- [Source data]
____________
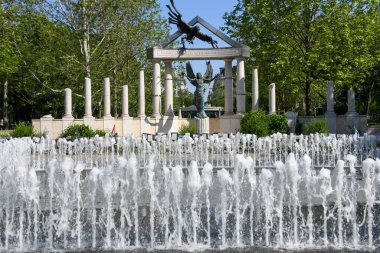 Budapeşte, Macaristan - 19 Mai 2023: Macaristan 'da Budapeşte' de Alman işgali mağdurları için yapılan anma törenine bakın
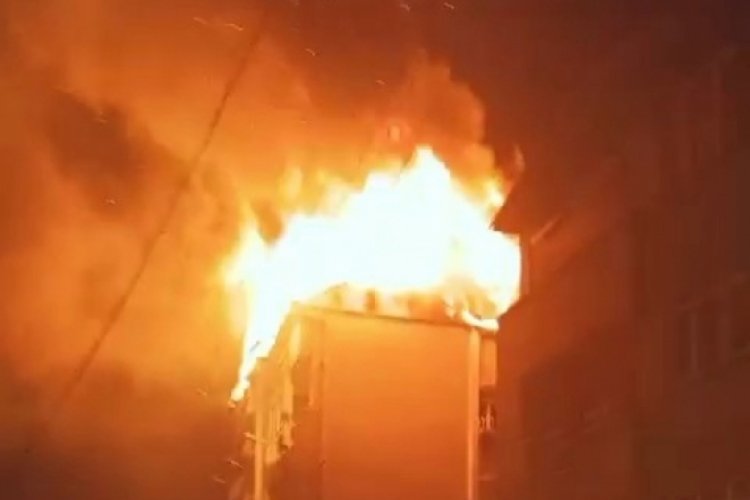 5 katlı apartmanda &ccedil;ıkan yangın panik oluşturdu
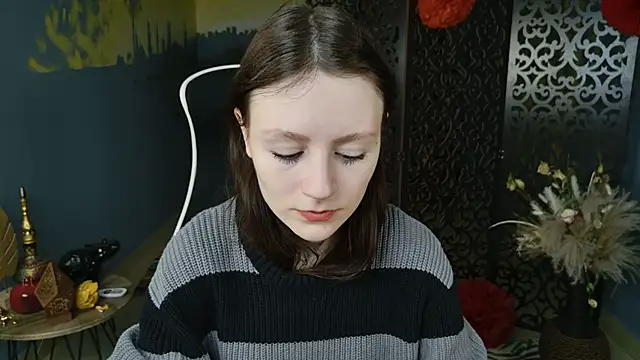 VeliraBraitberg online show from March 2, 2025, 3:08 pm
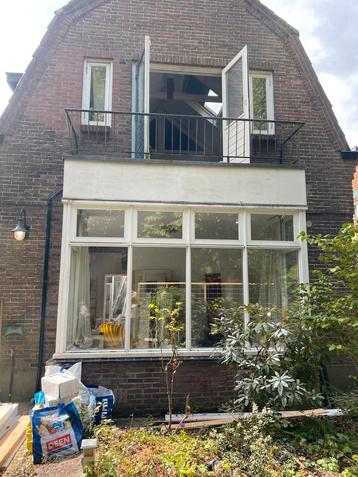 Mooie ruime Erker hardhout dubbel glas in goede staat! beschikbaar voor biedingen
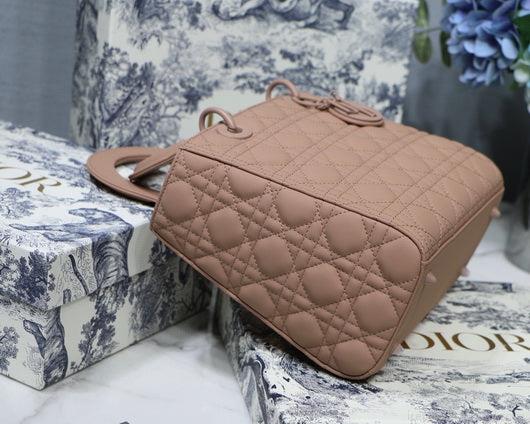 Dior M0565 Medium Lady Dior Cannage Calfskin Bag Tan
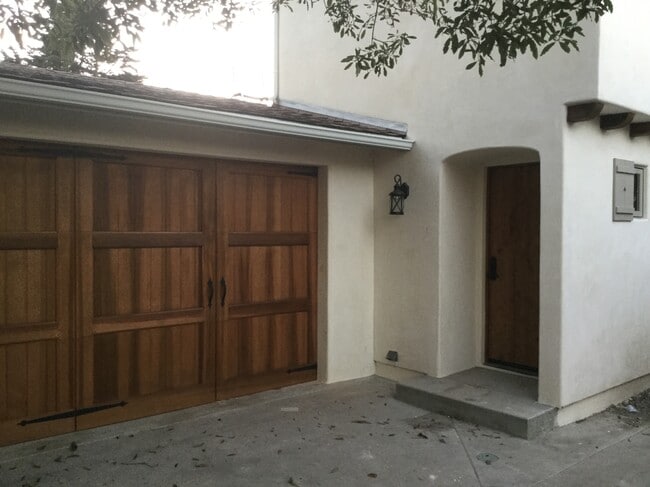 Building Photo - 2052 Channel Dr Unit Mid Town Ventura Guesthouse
____________
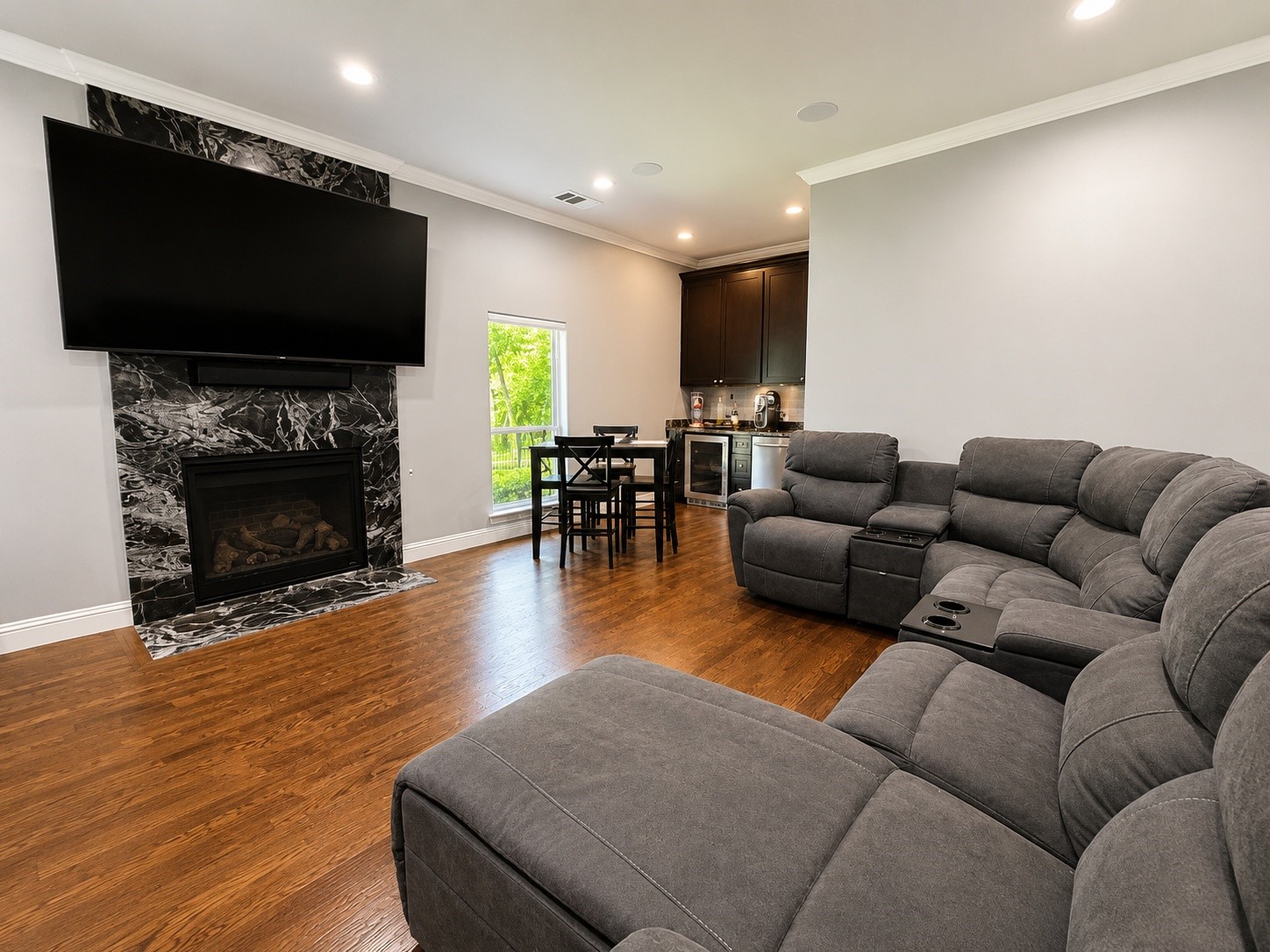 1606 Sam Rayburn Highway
____________
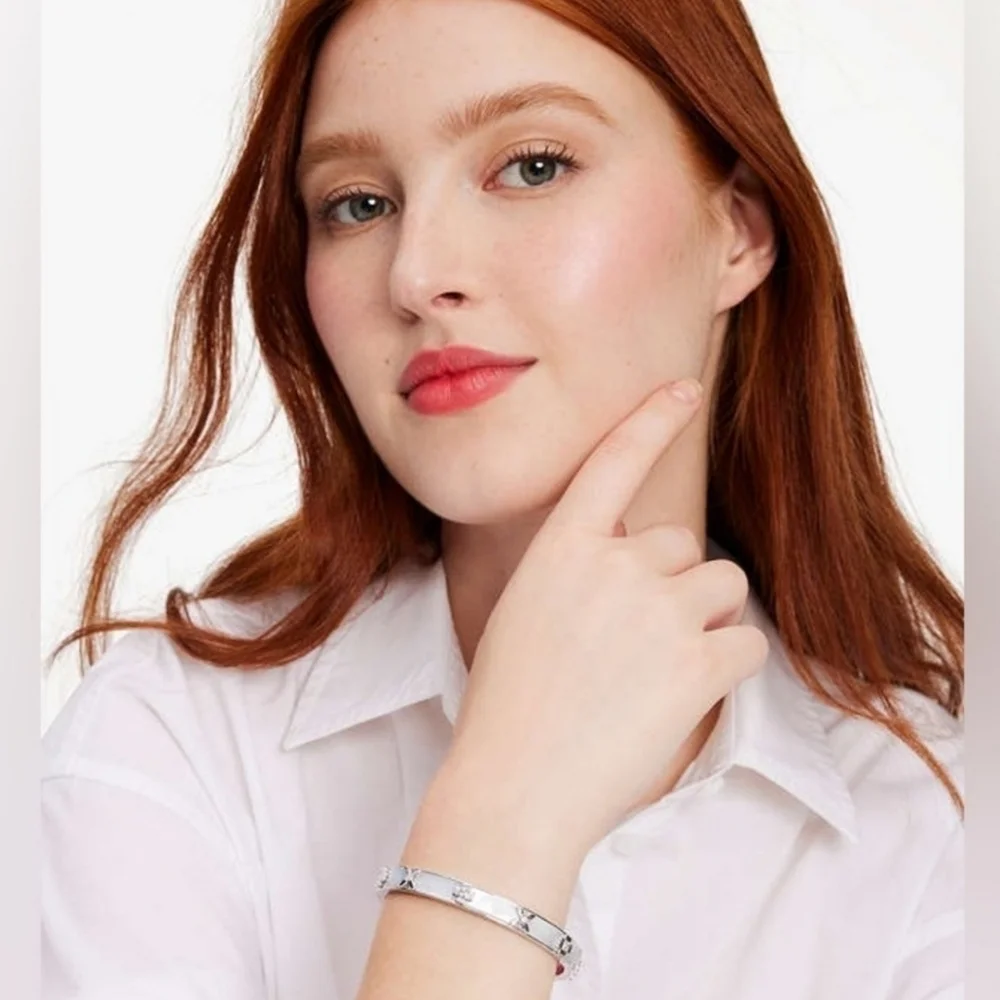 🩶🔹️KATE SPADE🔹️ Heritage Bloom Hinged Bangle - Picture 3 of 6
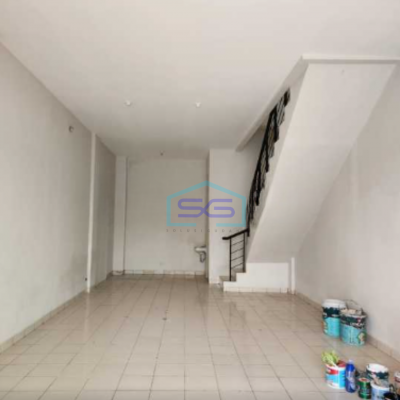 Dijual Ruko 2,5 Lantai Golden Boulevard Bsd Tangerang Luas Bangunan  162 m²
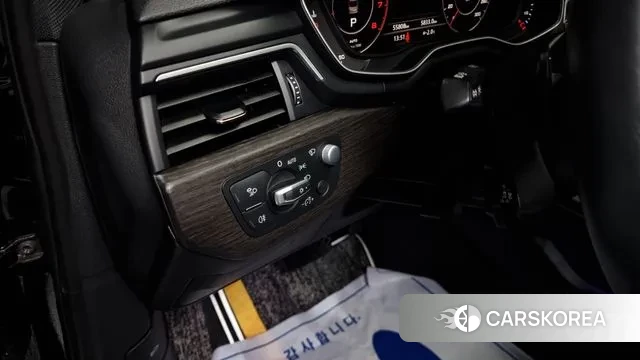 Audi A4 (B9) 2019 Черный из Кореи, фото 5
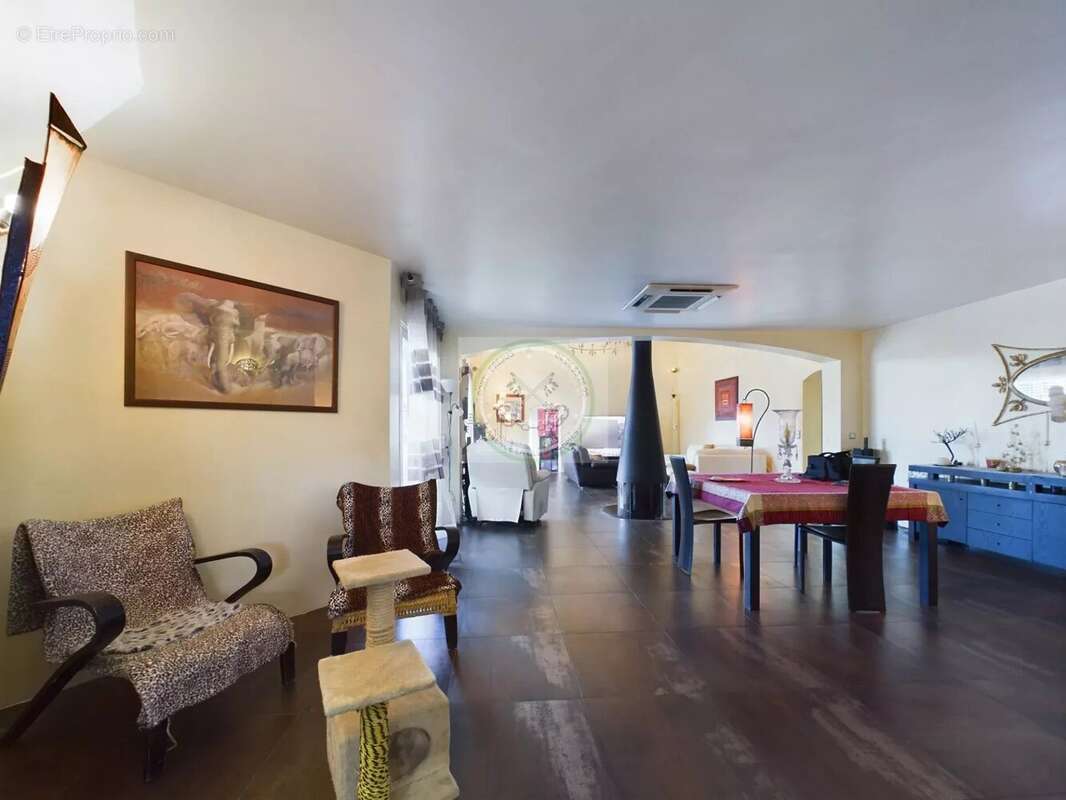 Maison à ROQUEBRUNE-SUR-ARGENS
____________
- [Assignment]
What should come back is an exact copy of the lines above from the line with "Budapeşte, Macaristan - 19" to the line with "Building Photo - 2052", both included, minus the pictures.

- [Written solution]
 Budapeşte, Macaristan - 19 Mai 2023: Macaristan 'da Budapeşte' de Alman işgali mağdurları için yapılan anma törenine bakın
 5 katlı apartmanda &ccedil;ıkan yangın panik oluşturdu
 VeliraBraitberg online show from March 2, 2025, 3:08 pm
 Mooie ruime Erker hardhout dubbel glas in goede staat! beschikbaar voor biedingen
 Dior M0565 Medium Lady Dior Cannage Calfskin Bag Tan
 Building Photo - 2052 Channel Dr Unit Mid Town Ventura Guesthouse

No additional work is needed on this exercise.